I'm trying to write a custom & generic quantizer/bucketizer that buckets the data based on sampling to create bucket boundaries rather than use pre-defined strategies (like hashing etc). This approach enables better distribution of the data, and also the entire data set is sorted, for efficient readability (e.g.

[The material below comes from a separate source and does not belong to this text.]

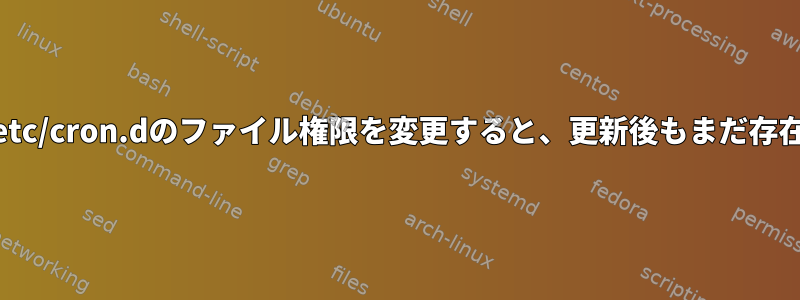 Ubuntuで/etc/cron.dのファイル権限を変更すると、更新後もまだ存在しますか？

ORC and parquet)
Here's what I have so far:
// Need for Serializable:
// https://medium.com/swlh/spark-serialization-errors-e0eebcf0f6e6
// Note: When a Object with String is created, then Serializable is not needed
// But when case classes are used, we get a Task not serializable error.
// The "extends Serializable" fixes that
class Quantizer[T <% Ordered[T]](df: DataFrame, bucketCols: Seq[String], numBins:Int = 200)(implicit encoder: Encoder[T]) extends Serializable {
private var bins: Seq[T] = generateBins
private def generateBins: Seq[T] = {
val cols = bucketCols.map(col)
val reccnt = df.count
if(reccnt>0){
val sampratio = if ( (numBins*1000.0) > reccnt ) 1 else (numBins*1000.0)/reccnt
val samp = df.select(cols: _*).sample(sampratio).cache
val stride = samp.count / (numBins-1)
val prcnts = samp.withColumn("rn",row_number().over(Window.orderBy(cols: _*))).filter((col("rn") % stride)===0)
prcnts.select(cols: _*).orderBy(cols: _*).as[T].collect
} else {
Seq[T]()
}
}
def getBins: Seq[T] = bins
def lowerBound(x: T) = {
var l = 0;
var h = bins.length;
while (l < h){
val m = (l+h)/2;
if(x <= bins(m)){
h = m;
} else {
l = m + 1;
}
}
l
}
// alias for lowerBound
// because the behavior is the same as the SQL function width_bucket!
// except that this will work not just for Double datatypes
def widthBucket = lowerBound _
}
To use this with a single column (say String datatype), I would do:
// create a quantizer
val q = new Quantizer[String](df, Seq("customer_id"), 1000)
// create a UDF
val customerWidthBucketUDF = udf((x: String) => q.widthBucket(x))
spark.udf.register("customer_width_bucket", customerWidthBucketUDF)
// Now we can use the UDF to get the bucket id for each row and partition and save it appropriately. e.g.
// df.withColumn("bkt", customerWidthBucket(col("customer_id"))
// .repartition(col("bkt"))
// .sortWithinPartitions(...)
// .write
// .save(...)
//
Now, if I want to use the same with a slightly complex data type, I need to first define a case class, and implement Ordered
// https://stackoverflow.com/a/19348339/8098748
// case class does not have a default Ordering method unlike Int, String etc.
// Hence, the compare method needs to be implemented
import java.math.BigDecimal
case class e(customer_id: String, order_id: String, tim: BigDecimal) extends Ordered[e] {
import scala.math.Ordered.orderingToOrdered
def compare(that: e): Int = (this.customer_id, this.order_id, this.tim) compare (that.customer_id, that.order_id, that.tim)
}
Using this is pretty similar to the above:
val q = new Quantizer[e](df, Seq("customer_id", "order_id", "tim"), 5000)
val myComplexWidthBucketUDF = udf((x: e) => q.widthBucket(x))
spark.udf.register("my_width_bucket", myComplexWidthBucketUDF)
All this works fine, but I don't really like the interface so much because:
- The case class is purely internal (to give the ability to do < in lowerBound)
- However, the user is forced to provide the required case class
Now for the question: is it is possible to do this without asking the user for a case class? We have all the details of the schema in the DataFrame anyway.
Thanks for reading!